I started my hobby by fate really; I had a computer given to me by an old customer I worked for as a gardener before my accident. I really was the biggest novice you could imagine. At first I used a voice recognition package but as I had so many visitors coming in and out, it made it very difficult and kept putting in the wrong words. I then started using a mouth stick with a piece of Velcro on the end and another piece of Velcro on the mouse button, so when I move my head the mouse follows me. I’m telling you, it took a lot of patience getting it right. Once I had my  idea in front of me I started tapping away like Woody the Woodpecker for hours on end, day in day out. My old customer arranged for a computer whizz kid to come round and show me the basics on my PC; how to find things and open up  programmes.

As time went on I realised that this is something I could do totally on my own with just the use of my head. I found a software package ‘print artist’, for designing signs, business cards, letter heads, and lots more. I started clicking away trying to put together some ideas for friends and family. I was surprisingly enjoying what I was doing, it was keeping my mind busy and that was helping me at a time when I didn’t know what direction my life was going to take after my spinal cord injury. It was good to get up in the morning again and have a new drive inside me to do something I could do myself.

I wanted to try designing T-shirts, so I saved really, really hard and after many, many months I treated myself to a second-hand T-shirt printing press. Wowee! I was like a pig in ** **** I was happy and keen to get printing and pressing as I had saved so hard for it. I designed a mouse mat while the man from the company was still there showing me how to use it properly. After a few hours we had made and designed mouse mats, coasters, jigsaw puzzles and T-shirts to very high quality. As you can imagine, I had loads of ideas running through my head of what I could do next. Over the next few months I got better and better with the new equipment and building up my reputation as a printer in my town. I also started getting more jobs for printing business cards. I used to get my Dad to sit down for hours on end cutting the  business cards out by hand with a mini guillotine that took two and a half hours to cut out 250 business cards. Poor Pa, if it wasn’t my mum I had pressing T-shirts, it was Dad cutting up cards! I started having PAs around about this time and I used to get my PA to help me by putting paper in my printer and getting equipment ready for me, as well as feeding me, dressing me, dealing with all my toileting needs and any other duties I had in mind for them! A friend of mine had heard of an embroidery machine that might be coming up for grabs at a cheap price, so I saved my money to buy this touch-screen embroidery machine. Ha-ha, if printing business cards and printing T-shirts wasn’t hard enough I wanted to try embroidering clothing as well! I didn’t have a clue what I was doing as I’m not the sharpest tool in the box when it comes to reading the instruction book.

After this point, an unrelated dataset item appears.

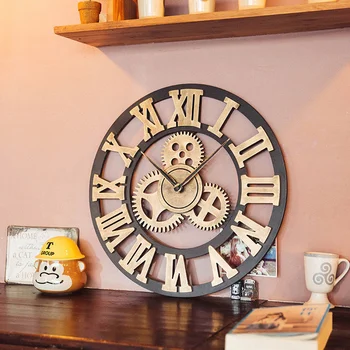 Настенные часы в стиле ретро большого размера, настенные часы в Европейском индустриальном стиле, деревянные Круглые часы с Римской цифрой, 3D Украшение для дома
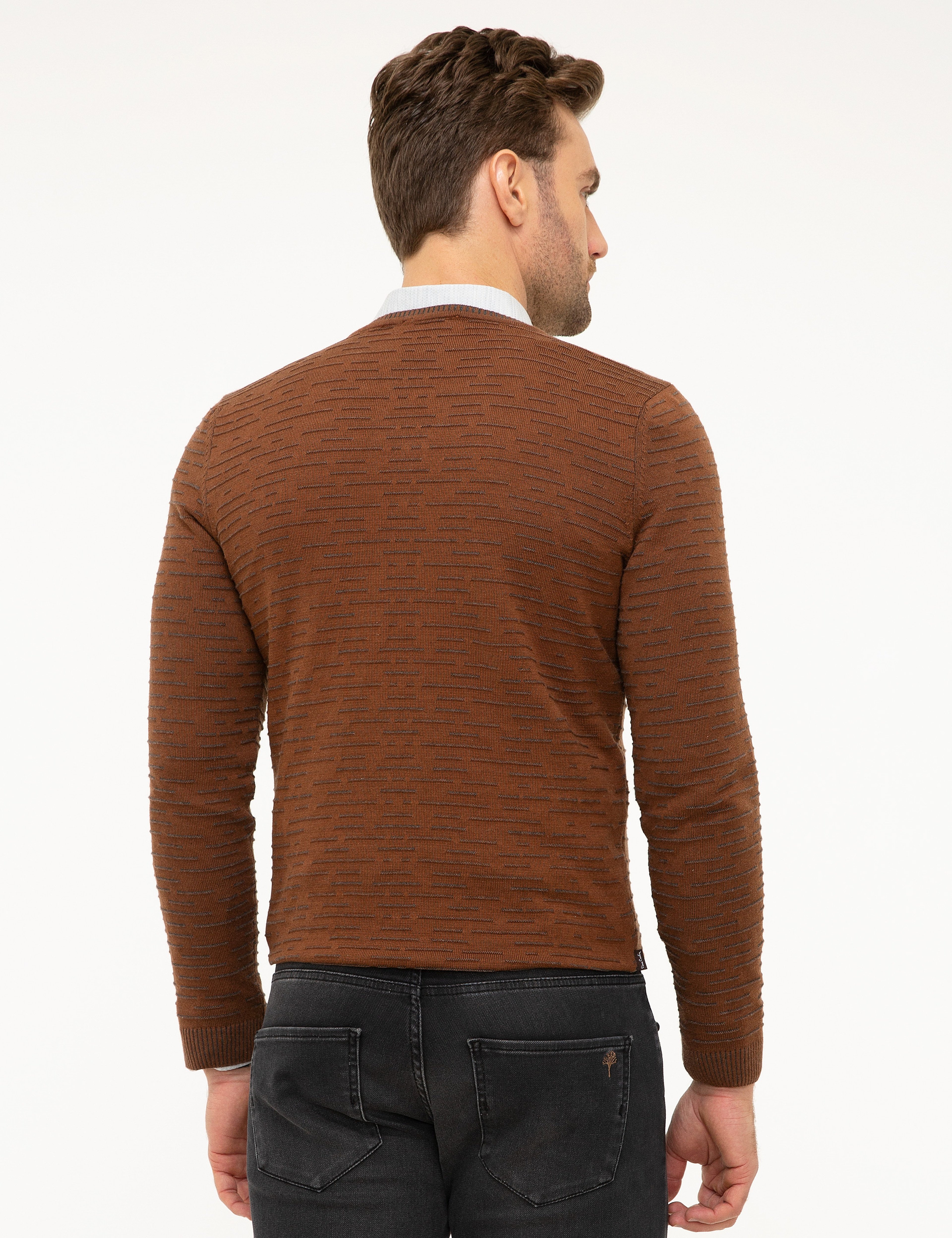 Camel Slim Fit Triko Kazak - Image 4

Luckily my mum knew a little about sewing machines, she sat for hours working it out properly. We started embroidering onto flannels at first – I did some for myself with ‘face’ written on one and ‘bottom’ on the other – just so my PA didn’t mix them up! My PA and I used to spend hours printing and embroidering and getting better and better, I remember watching my mum thread the needle and I decided that I was going to thread the whole machine up, including the needle, using my mouth stick. To get the cotton to stick to end of my mouth stick I made it a little wet so the cotton stuck and I could drag, wiggle and pull the cotton all round the embroidery machine; up and down and around in different directions, by then it had taken about one hour 20 minutes and a lot of patience, I was on the home stretch. I just had the needle to thread. I had to get my mum to cut the cotton again as the end got a bit wispy, but then yippee, I finally got the cotton through the needle in a finishing time of one hour 45 minutes! My mum takes about 10 seconds to do it but I can hold my head up high as I’ve tried it and succeeded.

I have now upgraded my laser printer, bought an automatic business card cutter (to please my Dad). Not everything you have to do independently, like ironing! I’m glad I can’t iron and I hope I never get a machine designed so I can do it with my head!

I now live independently in a bungalow with my PAs, my dog Sid and my fish. It’s great, I have a great life and I wouldn’t change a thing. I also have an amazing
girlfriend who I met after my injury. I am producing more and more T-shirts and business cards: my life is crazy, but I couldn’t be happier.